Kepemimpinan berkaitan dengan kemampuan seseorang untuk mempengaruhi orang lain, agar mau melakukan atau tidak melakukan sesuatu yang dikehendaki oleh pemimpin secara sukarela. Perubahan terpenting justru terletak pada konteks kepemimpinan. Bennis dan Nanus mengemukakan ada tiga konteks kepemimpinan yaitu : Commitment, Complexity, and Credibility (3С).

Kepemimpinan berkaitan dengan komitmen sesorang mempengaruhi orang lain dan secara konsisten berpikir dan bertindak untuk mencapai tujuan organisasi atau kelompok. Kepemimpinan dihadapkan pada kompleksitas permasalahan yang perlu diatasi melalui berbagai pengambilan keputusan, yang merupakan inti dari kepemimpinan. Semakin besar organisasi, maka akan semakin kompleks pula permasalahan yang dihadapi sehingga memerlukan proses pengambilan keputusan yang semakin canggih.

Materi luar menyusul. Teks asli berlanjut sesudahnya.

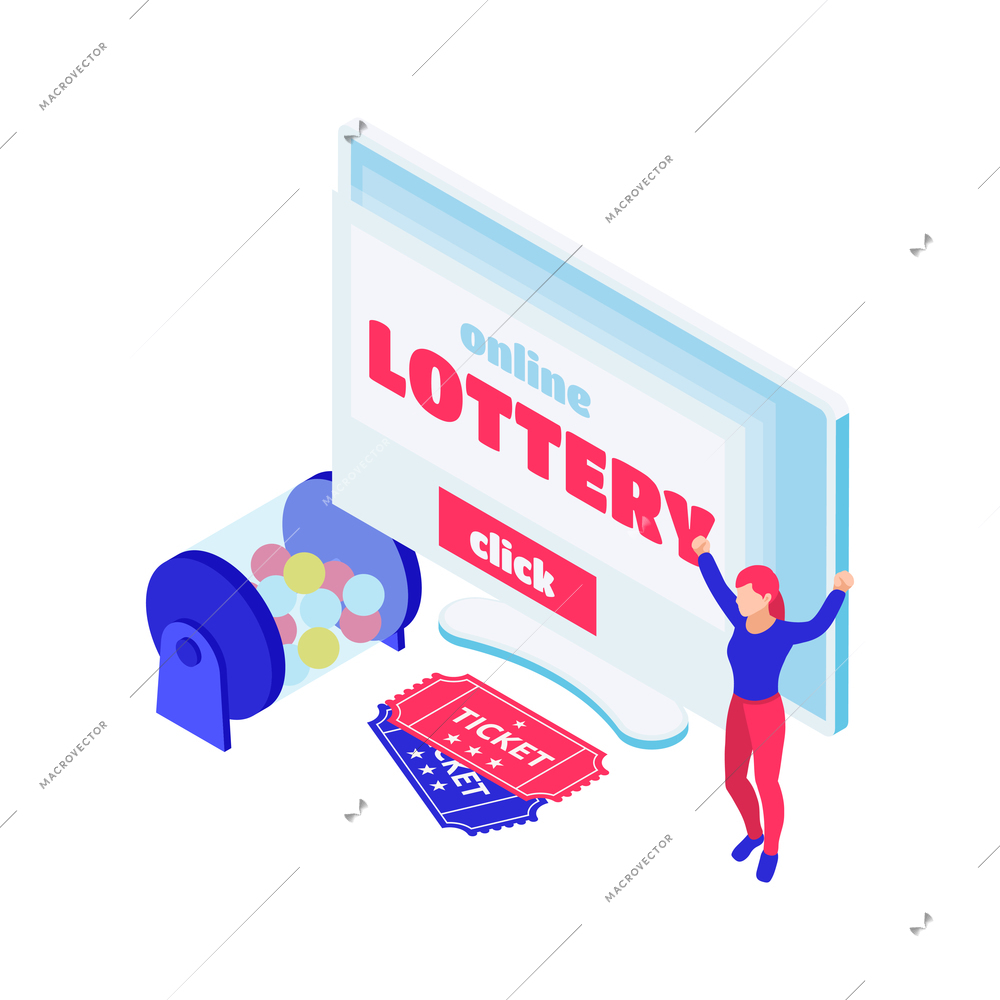 Online lottery isometric composition with colorfil bingo balls tickets and happy character vector illustration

Kepemimpinan berkaitan dengan kompleksitas (complexity)  karena menyangkut proses memimpin dan mengambil keputusan serta mengantisipasi perubahan lingkungan eksternal yang berubah sangat cepat dan sulit diprediksi. Seorang pemimpin adalah pengambil risiko (risk taker), sehingga harus memiliki kecerdasan, ketegasan, dan kecepatan dalam menghitung segala risiko yang akan terjadi apabila sebuah keputusan diambil.

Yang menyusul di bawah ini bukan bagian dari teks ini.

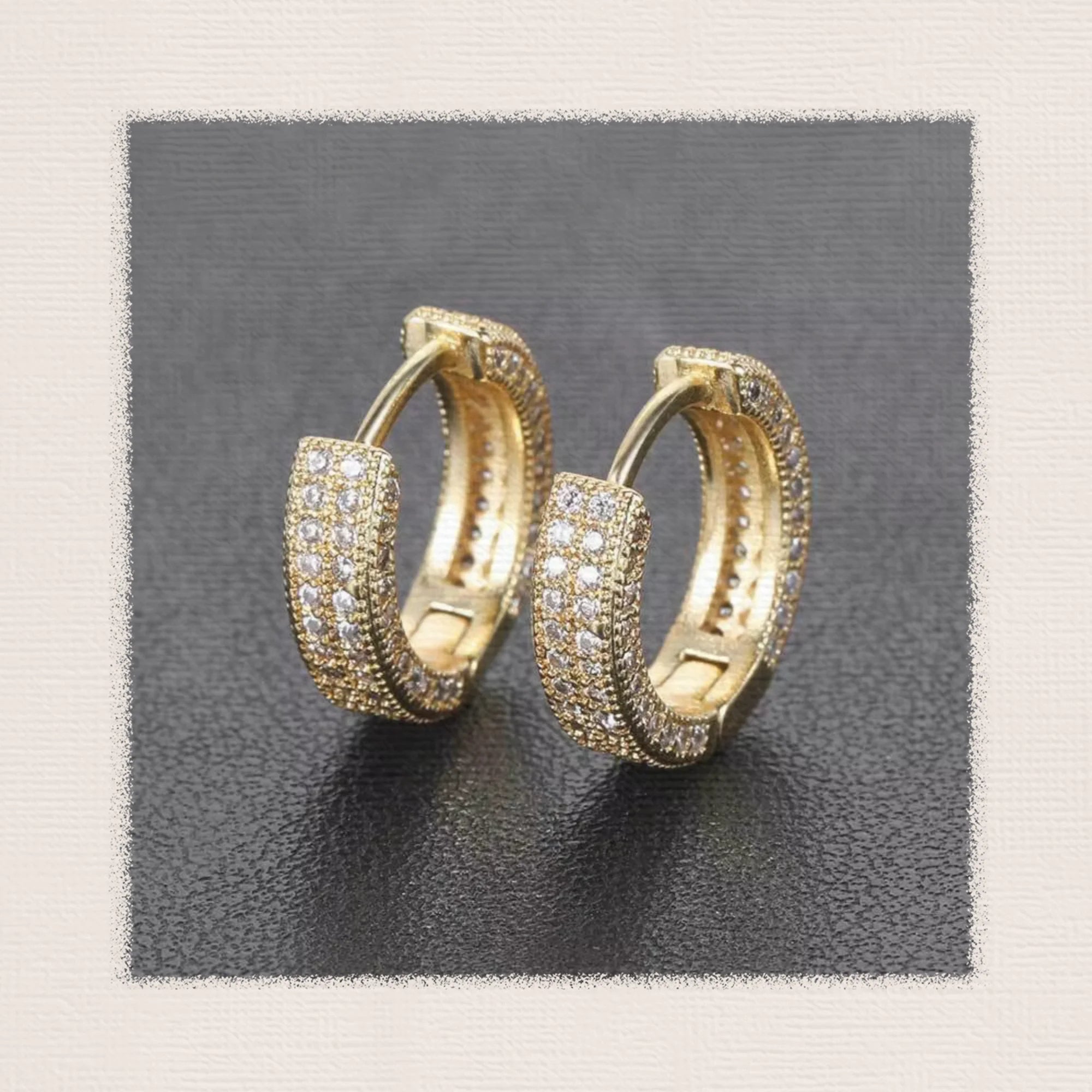 Trendy Gold Plated Hiphop Earring Bling Geometric Micro Paved Zirconia Full Diamond Bohemia Hoop Earrings Jewelry for Men Women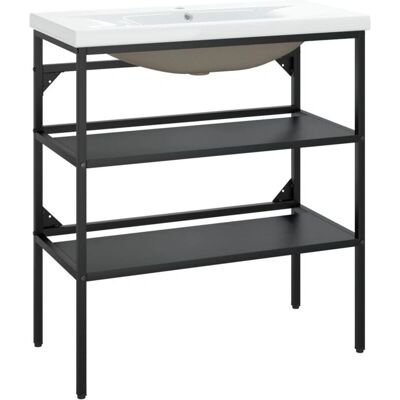 HELLOSHOP26 - 79x38x83 cm Hierro - Negro - Recubierto en polvo - Estructura de lavabo HELLOSHOP26 - 79x38x83 cm Hierro - Negro - Recubierto en polvo - Estructura de lavabo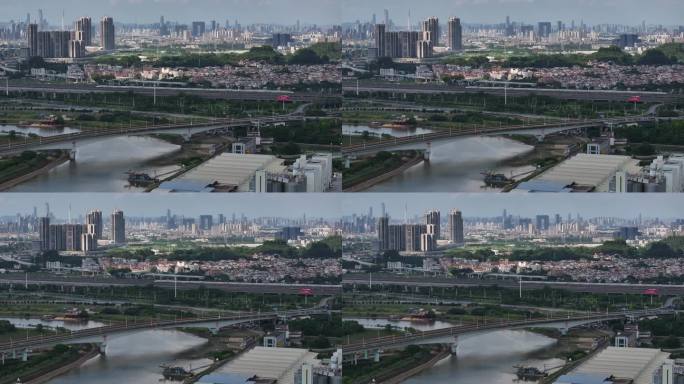 航拍广州高铁远眺广州塔珠江新城全貌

Kompleksitas kepemimpinan berbanding terbalik dengan posisinya, dalam arti semakin tinggi posisi yang didudukinya dalam sebuah organisasi maka kompleksitas permasalahannya lebih bersifat strategis dan jangka panjang, sedangkan semakin rendah akan semakin bersifat teknis. Tetapi hal tersebut dapat saja terbalik apabila seorang pemimpin dalam menjalankan kepemimpinannya tidak dapat mengkategorikan kompleksitas yang dihadapi, sehingga waktunya habis untuk mengurus hal teknis yang pada gilirannya kurang mampu membuat keputusan untuk hal-hal yang bersifat strategis.

Berkaitan dengan defitinisi kepemimpinan , Eckman mencoba menginvetarisasi beberapa pandangan beberapa ahli, yang tentunya belum mencakup semuanya. Definisi tersebut yaitu sebagai berikut :

1)      The creative and directive force morale (munson, 1921)

2)      Leadership is a process of mutual stimulation which, by the successful interpay of relevant individual differences, controls human energy in the pursuit of a common pause (pigors. 1935).

3)      The process by which an agent induces a subordinate to behave in a desired manner (Bennis, 1969).

4)      The presence odf a particular influence relationship between two or more persons (Hollander & Julian, 1969).

5)      Directing and coordinating the work of group member (Fielder, 1967)

6)      An interpersonal relations in which other comply between thet want to, not because they have to (Merton, 1969)

7)      Transforming followers, creating visions of the goals that may be attained, and articulating for the followers the ways to attain those goals (Bass, 1985).

8)      The process of influencing an organized group toward accomplishing its goals (Roach and Rehling, 1984).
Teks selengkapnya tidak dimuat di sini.